__Exercise brief__
Below are some records. Return exactly the lines from the one with "Dr.Giorgini - Uva" to the one with "Alanis Morissette –", and nothing else.

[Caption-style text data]
<<<<

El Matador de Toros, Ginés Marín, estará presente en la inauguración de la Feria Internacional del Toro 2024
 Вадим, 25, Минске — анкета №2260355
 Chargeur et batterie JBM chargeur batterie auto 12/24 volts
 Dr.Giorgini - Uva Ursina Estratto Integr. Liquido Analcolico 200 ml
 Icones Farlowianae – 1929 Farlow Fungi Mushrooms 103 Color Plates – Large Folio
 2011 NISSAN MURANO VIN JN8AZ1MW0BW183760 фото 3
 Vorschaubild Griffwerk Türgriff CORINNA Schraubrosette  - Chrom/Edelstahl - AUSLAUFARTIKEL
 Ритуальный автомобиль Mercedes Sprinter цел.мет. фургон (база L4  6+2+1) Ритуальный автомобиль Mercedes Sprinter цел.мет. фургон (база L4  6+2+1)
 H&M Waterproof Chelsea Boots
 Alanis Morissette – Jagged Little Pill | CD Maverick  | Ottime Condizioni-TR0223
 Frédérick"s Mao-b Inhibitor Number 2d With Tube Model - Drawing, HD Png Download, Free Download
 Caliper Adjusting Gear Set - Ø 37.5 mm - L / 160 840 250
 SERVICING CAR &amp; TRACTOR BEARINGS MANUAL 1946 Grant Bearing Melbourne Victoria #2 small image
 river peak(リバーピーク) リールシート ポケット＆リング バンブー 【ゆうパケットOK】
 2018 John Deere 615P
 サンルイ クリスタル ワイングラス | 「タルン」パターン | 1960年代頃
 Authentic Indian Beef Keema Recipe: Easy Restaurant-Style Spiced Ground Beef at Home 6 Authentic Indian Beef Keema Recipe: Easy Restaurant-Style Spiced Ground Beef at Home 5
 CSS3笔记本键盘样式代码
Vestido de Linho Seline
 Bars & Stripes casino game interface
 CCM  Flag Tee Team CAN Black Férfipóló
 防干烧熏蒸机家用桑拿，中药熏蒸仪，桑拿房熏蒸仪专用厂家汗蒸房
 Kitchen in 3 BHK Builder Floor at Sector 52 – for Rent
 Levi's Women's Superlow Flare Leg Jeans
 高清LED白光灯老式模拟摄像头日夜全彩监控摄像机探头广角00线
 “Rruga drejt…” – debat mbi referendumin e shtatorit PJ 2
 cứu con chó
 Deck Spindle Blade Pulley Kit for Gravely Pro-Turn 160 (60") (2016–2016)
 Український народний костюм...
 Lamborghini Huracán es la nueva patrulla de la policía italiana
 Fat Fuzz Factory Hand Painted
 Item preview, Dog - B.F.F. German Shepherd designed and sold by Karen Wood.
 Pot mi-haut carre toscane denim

>>>>

__Expected answer__
 Dr.Giorgini - Uva Ursina Estratto Integr. Liquido Analcolico 200 ml
 Icones Farlowianae – 1929 Farlow Fungi Mushrooms 103 Color Plates – Large Folio
 2011 NISSAN MURANO VIN JN8AZ1MW0BW183760 фото 3
 Vorschaubild Griffwerk Türgriff CORINNA Schraubrosette  - Chrom/Edelstahl - AUSLAUFARTIKEL
 Ритуальный автомобиль Mercedes Sprinter цел.мет. фургон (база L4  6+2+1) Ритуальный автомобиль Mercedes Sprinter цел.мет. фургон (база L4  6+2+1)
 H&M Waterproof Chelsea Boots
 Alanis Morissette – Jagged Little Pill | CD Maverick  | Ottime Condizioni-TR0223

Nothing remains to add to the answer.